---- RECORD EXCERPTS
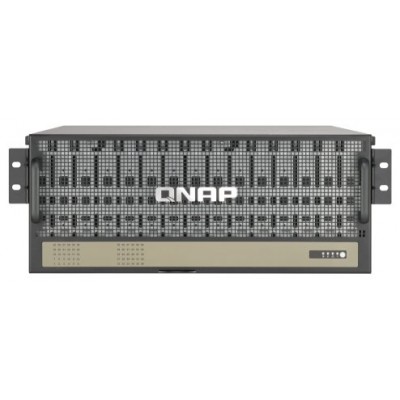 QNAP TL-R6020SEP-RP caja para disco duro externo Caja de disco duro (HDD) Negro, Gris 3.5" (Espera 4 dias)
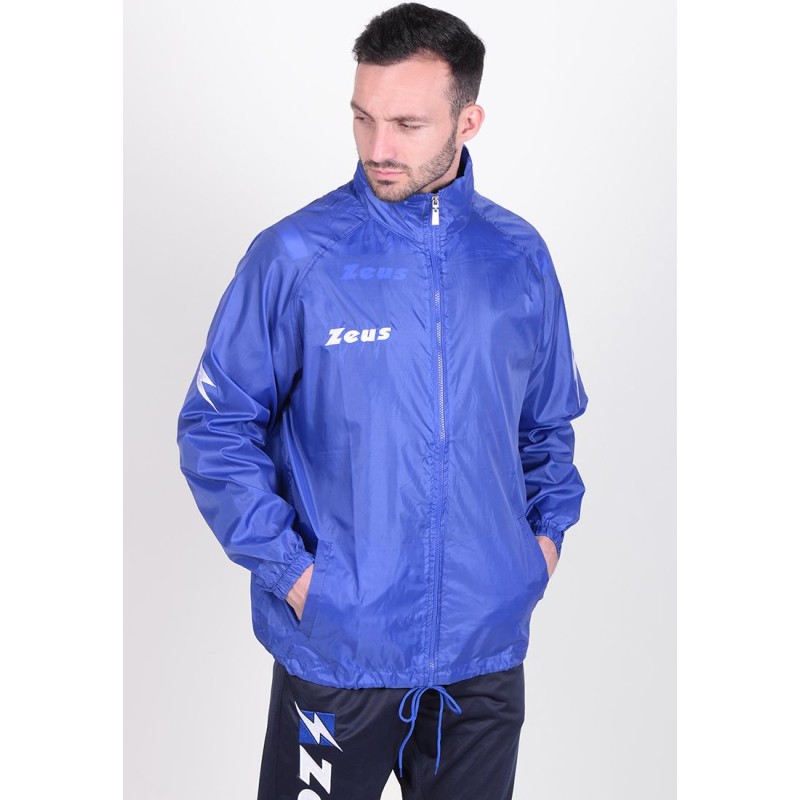 Вітровка Zeus K-WAY RAIN блакитний Діт XS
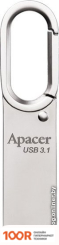 USB Flash Apacer AH15E 64GB (СЕРЕБРИСТЫЙ) (6392)
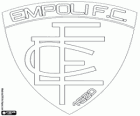 Empoli FC rozeti. Empoli tuscan şehrin futbol takımı
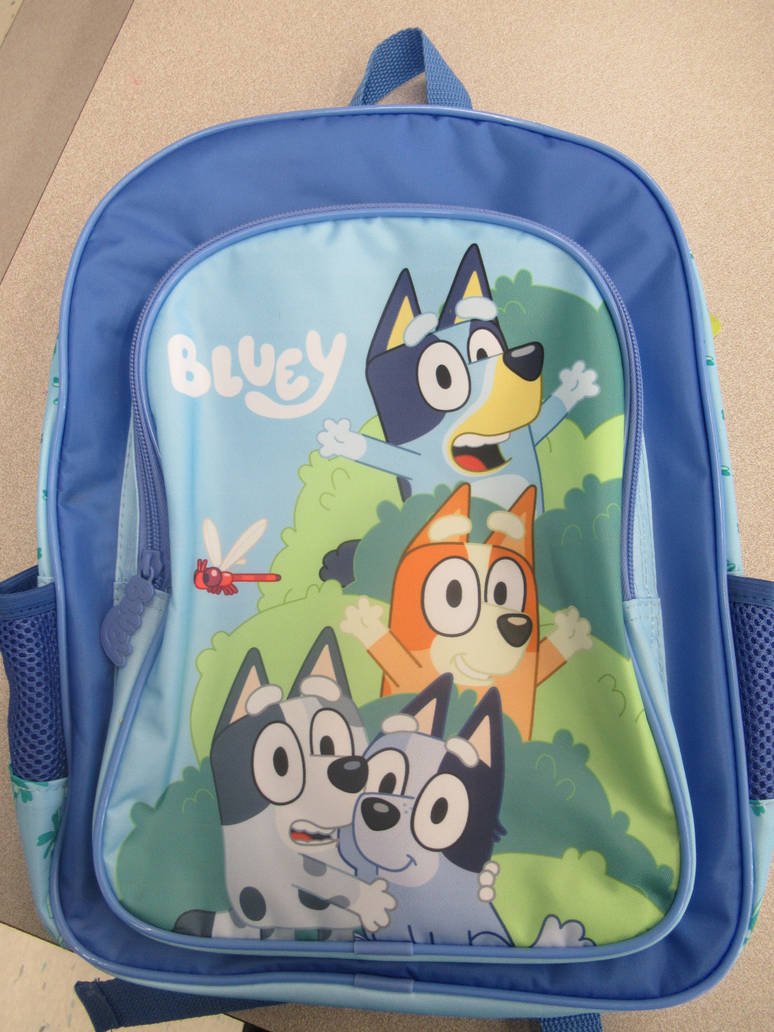 Bluey Backpack by Codetski101 on DeviantArt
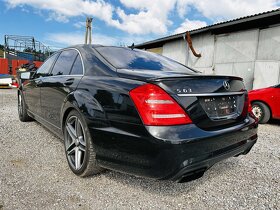 ROZPREDAM Mercedes-Benz S500 LONG 320KW BiTurbo lift AMG - 2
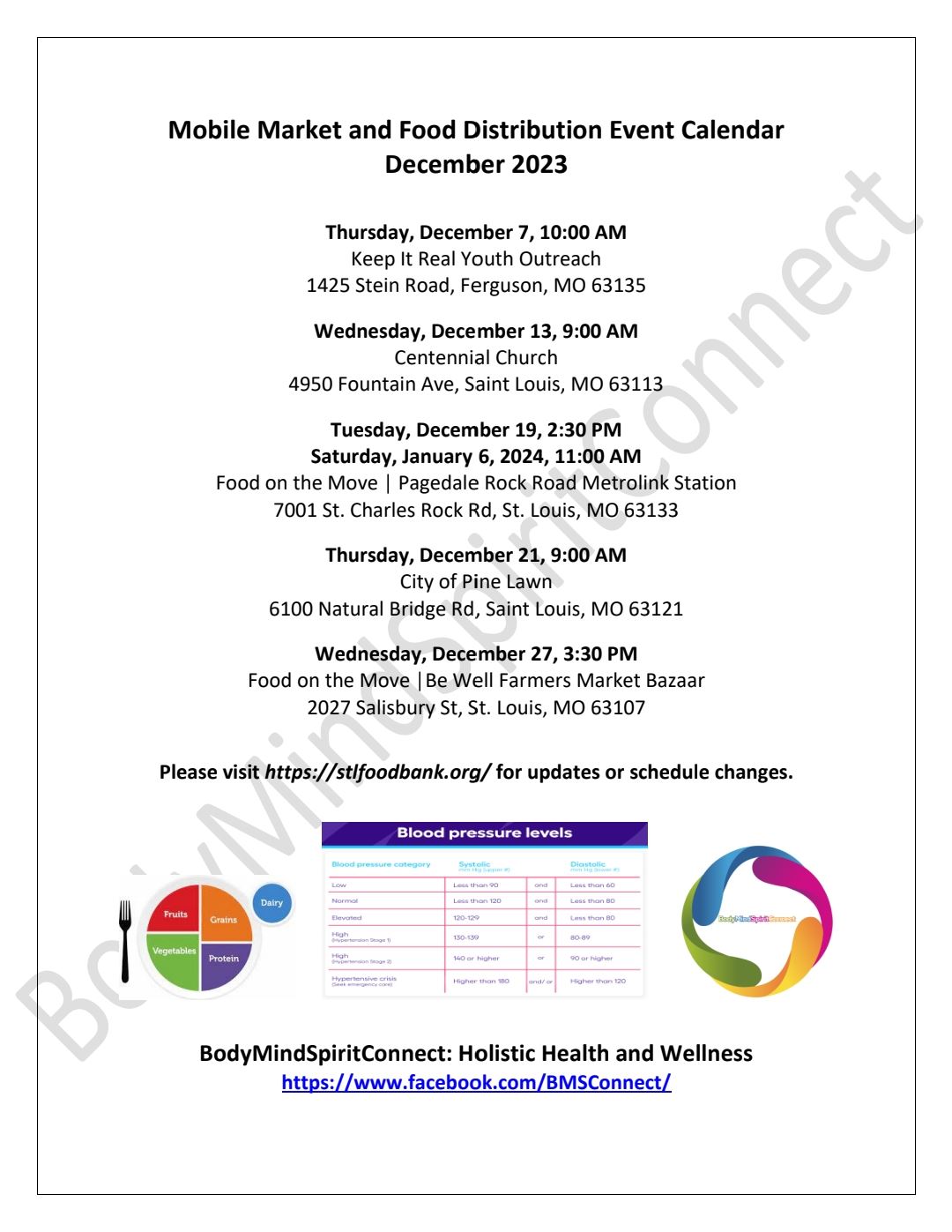 Mobile Food Distributions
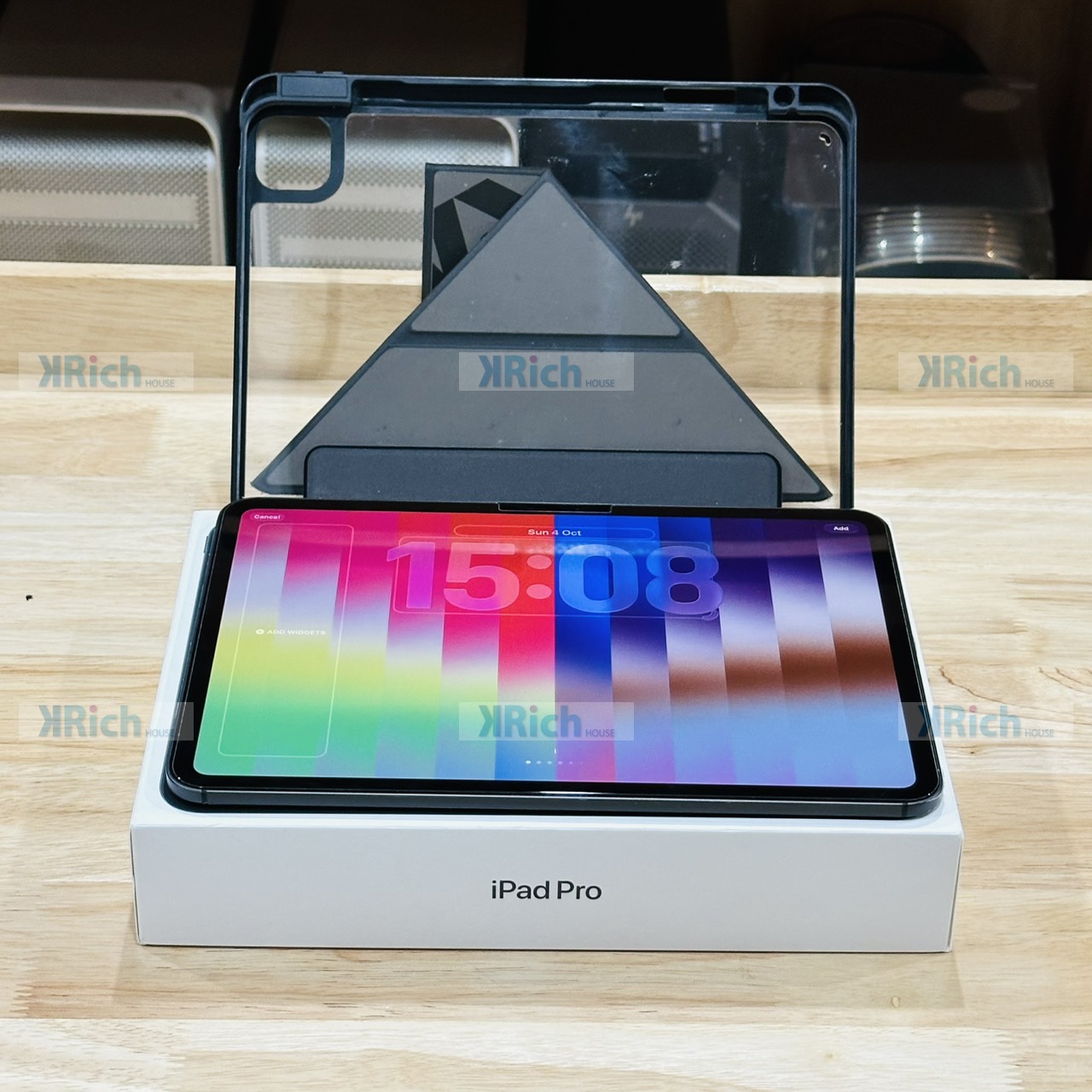 Apple iPad Pro 11-inch (M4) Wi-Fi + Cellular 2024, 9-Core CPU, 10-Core GPU, 8GB RAM, 256GB, Used, 1-Month Store Warranty - Image 9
--------
The copy must start at the line containing "USB Flash Apacer" and end at the last line of the data, matching each line exactly. It must hold no pictures.

== COMPLETED EXERCISE ==
 USB Flash Apacer AH15E 64GB (СЕРЕБРИСТЫЙ) (6392)
 Empoli FC rozeti. Empoli tuscan şehrin futbol takımı
 Bluey Backpack by Codetski101 on DeviantArt
 ROZPREDAM Mercedes-Benz S500 LONG 320KW BiTurbo lift AMG - 2
 Mobile Food Distributions
 Apple iPad Pro 11-inch (M4) Wi-Fi + Cellular 2024, 9-Core CPU, 10-Core GPU, 8GB RAM, 256GB, Used, 1-Month Store Warranty - Image 9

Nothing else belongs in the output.